Here is one of those AIG employees that Congress hates

This post was written by Beo on March 25, 2009
Posted Under: Congress, FAIL!

Jake DeSantis was just doing his job and waiting for his due payment from AIG.  Congress is screwing him over pretty good.  So he quit.

DEAR Mr. Liddy,

It is with deep regret that I submit my notice of resignation from A.I.G. Financial Products. I hope you take the time to read this entire letter. Before describing the details of my decision, I want to offer some context:

I am proud of everything I have done for the commodity and equity divisions of A.I.G.-F.P. I was in no way involved in — or responsible for — the credit default swap transactions that have hamstrung A.I.G. Nor were more than a handful of the 400 current employees of A.I.G.-F.P. Most of those responsible have left the company and have conspicuously escaped the public outrage.

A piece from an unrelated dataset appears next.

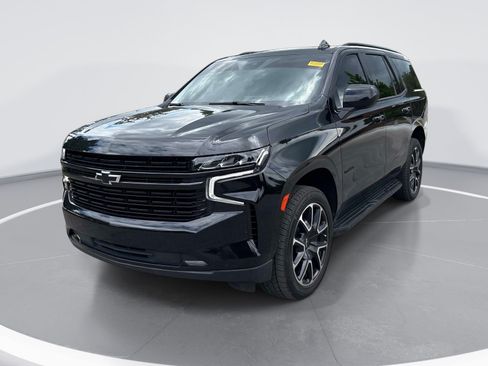 Used 2023 Chevrolet Tahoe RST AWD/4WD image 3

After 12 months of hard work dismantling the company — during which A.I.G. reassured us many times we would be rewarded in March 2009 — we in the financial products unit have been betrayed by A.I.G. and are being unfairly persecuted by elected officials. In response to this, I will now leave the company and donate my entire post-tax retention payment to those suffering from the global economic downturn. My intent is to keep none of the money myself.

I take this action after 11 years of dedicated, honorable service to A.I.G. I can no longer effectively perform my duties in this dysfunctional environment, nor am I being paid to do so. Like you, I was asked to work for an annual salary of $1, and I agreed out of a sense of duty to the company and to the public officials who have come to its aid. Having now been let down by both, I can no longer justify spending 10, 12, 14 hours a day away from my family for the benefit of those who have let me down.

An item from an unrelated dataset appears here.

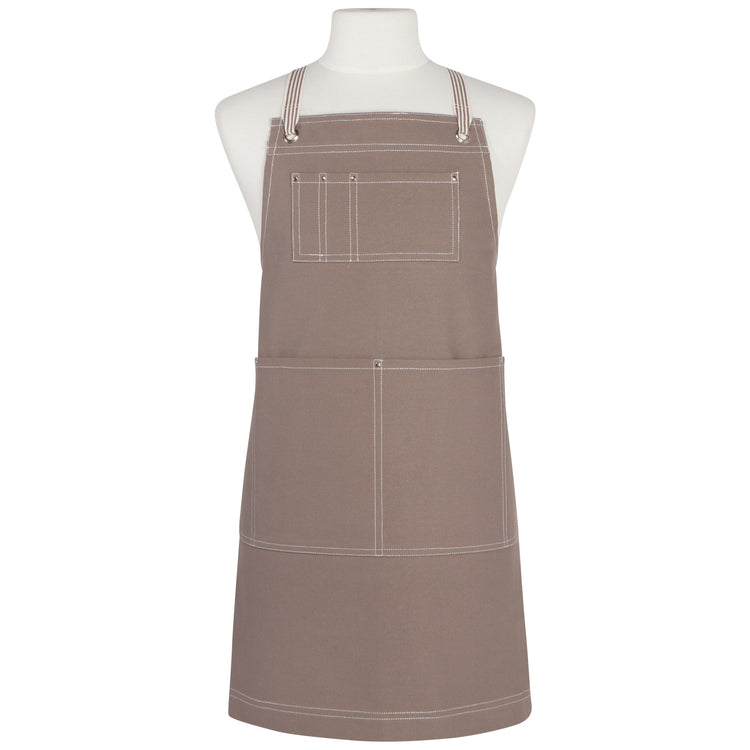 Mason Gray Apron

Read it all.  This is what happens in the Democratic-controlled Congress and Democratic-controlled White House when you have a populist outcry against you, no matter how ill-informed and unfounded.  If the angry mobs want somebody’s head, the government will deliver, rule of law, morality, and Constitution be damned.  Of course, these are the same people who stirred up the populist discontent in the first place, and who manipulated the circumstances that precipitated the whole incident.  Sounds awfully familiar.

UPDATE:  Ed Morrissey makes some good points.

People have been calling the AIG bonus outrage “understandable.”  That’s a load of crap.  It springs from a fundamental lack of understanding in Congress about the business world and an almost criminal lack of curiosity about the nature of retention bonuses in general, and these retention bonuses and their recipients in particular.  The screeching and hollering was only “understandable” as complete and total ignorance and stupidity.  And that’s not even accounting for the fact that Treasury, Congress, and the Obama administration knew all about these bonuses long before being “outraged” by them.